Dataset entries
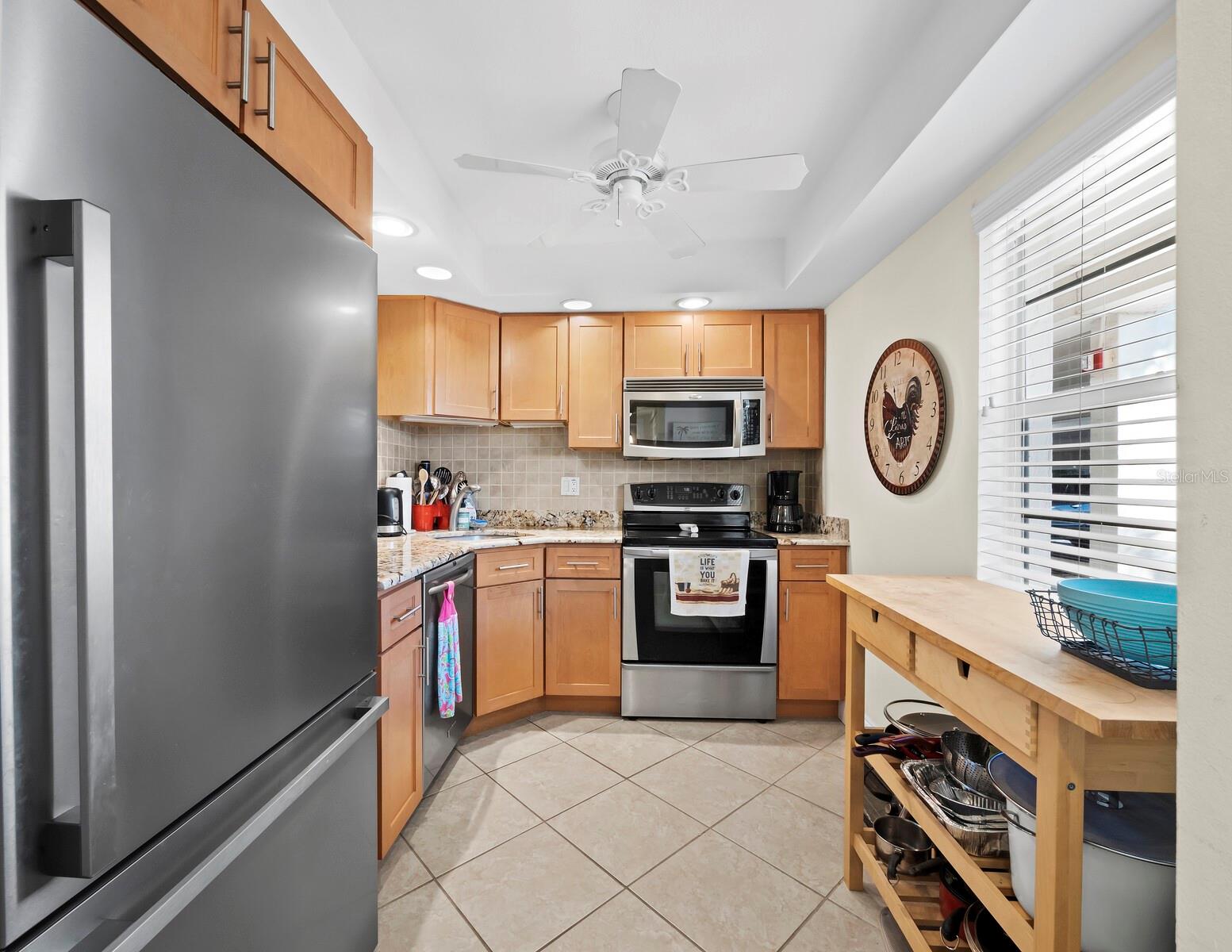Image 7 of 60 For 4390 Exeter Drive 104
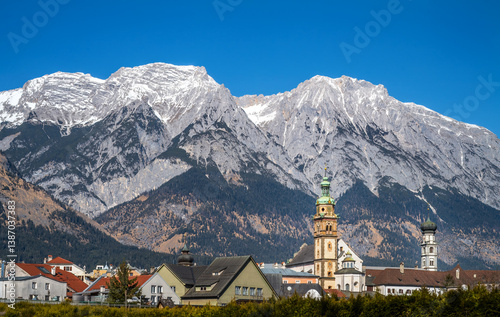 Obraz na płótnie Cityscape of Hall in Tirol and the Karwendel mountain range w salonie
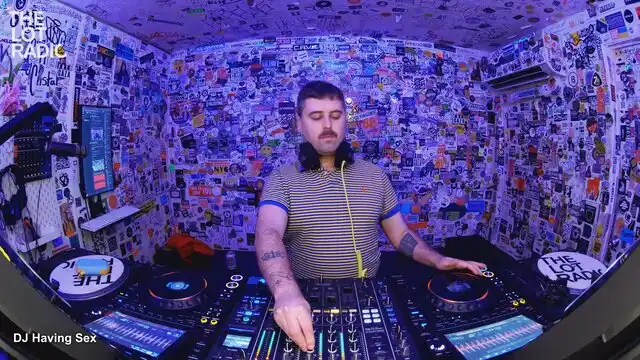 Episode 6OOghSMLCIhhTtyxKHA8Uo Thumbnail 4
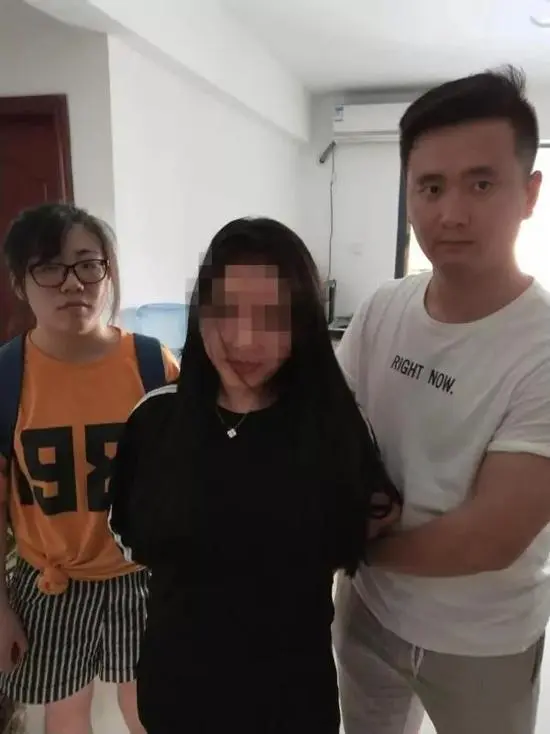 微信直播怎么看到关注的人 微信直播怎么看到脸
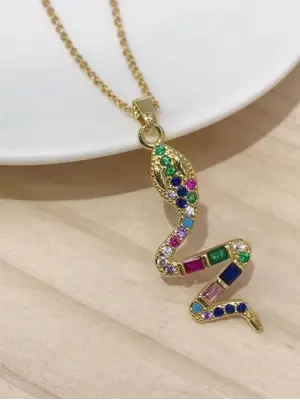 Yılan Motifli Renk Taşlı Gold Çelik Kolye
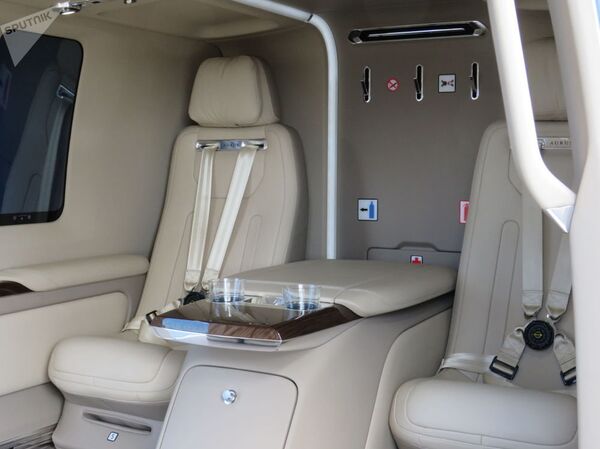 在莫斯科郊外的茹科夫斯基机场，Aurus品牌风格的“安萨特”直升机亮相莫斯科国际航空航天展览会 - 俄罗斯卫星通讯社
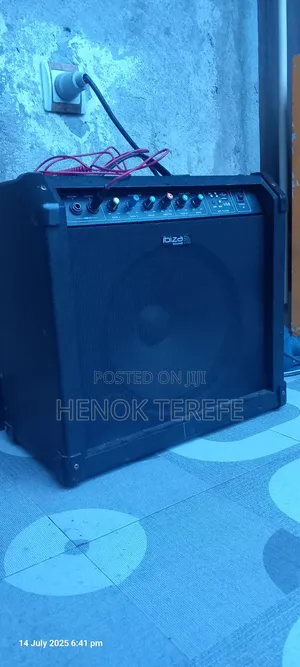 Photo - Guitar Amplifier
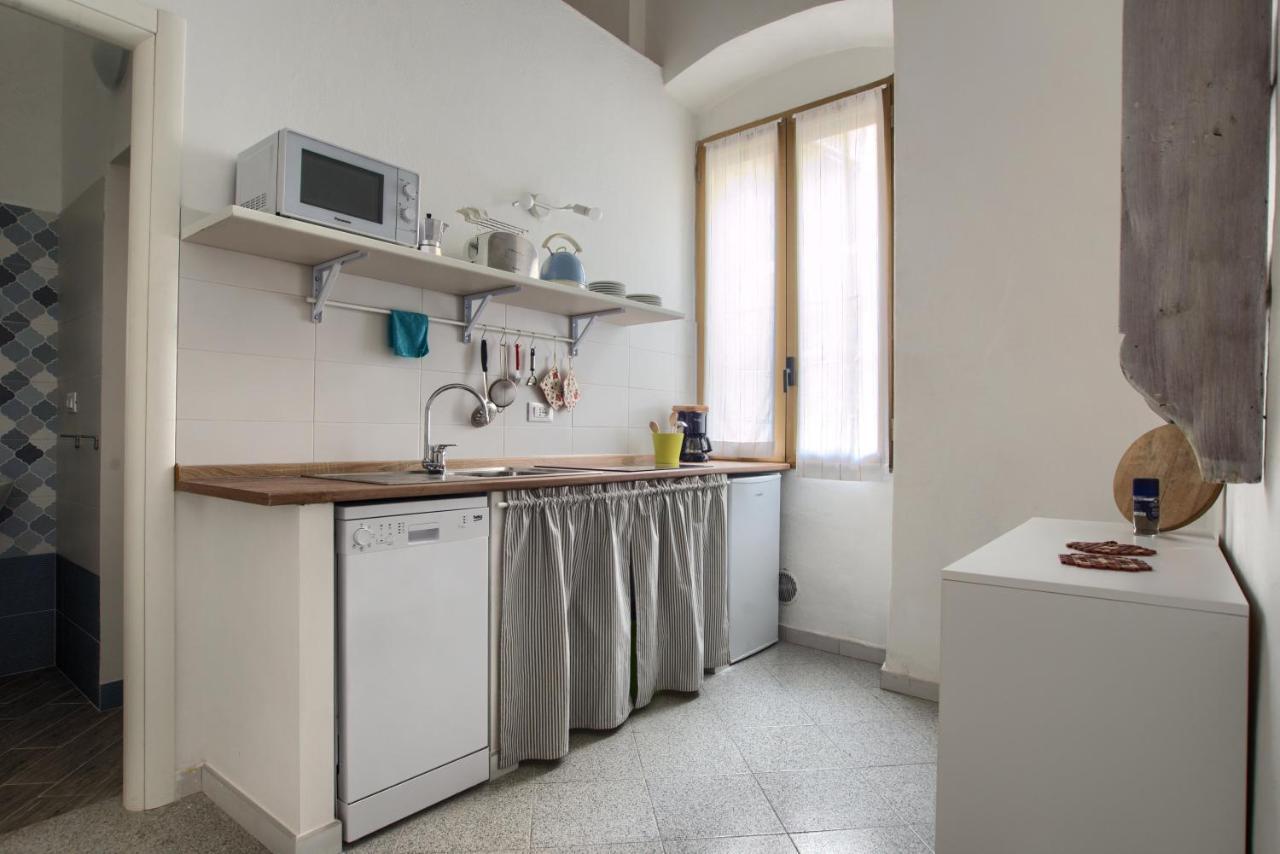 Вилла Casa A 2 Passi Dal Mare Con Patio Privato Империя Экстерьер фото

▶ **Exercise description**:
Keep out the pictures, and copy exactly the lines from the one that contains "Episode 6OOghSMLCIhhTtyxKHA8Uo Thumbnail 4" through the final line of the records above, both ends included.

▶ **Reply**:
 Episode 6OOghSMLCIhhTtyxKHA8Uo Thumbnail 4
 微信直播怎么看到关注的人 微信直播怎么看到脸
 Yılan Motifli Renk Taşlı Gold Çelik Kolye
 在莫斯科郊外的茹科夫斯基机场，Aurus品牌风格的“安萨特”直升机亮相莫斯科国际航空航天展览会 - 俄罗斯卫星通讯社
 Photo - Guitar Amplifier
 Вилла Casa A 2 Passi Dal Mare Con Patio Privato Империя Экстерьер фото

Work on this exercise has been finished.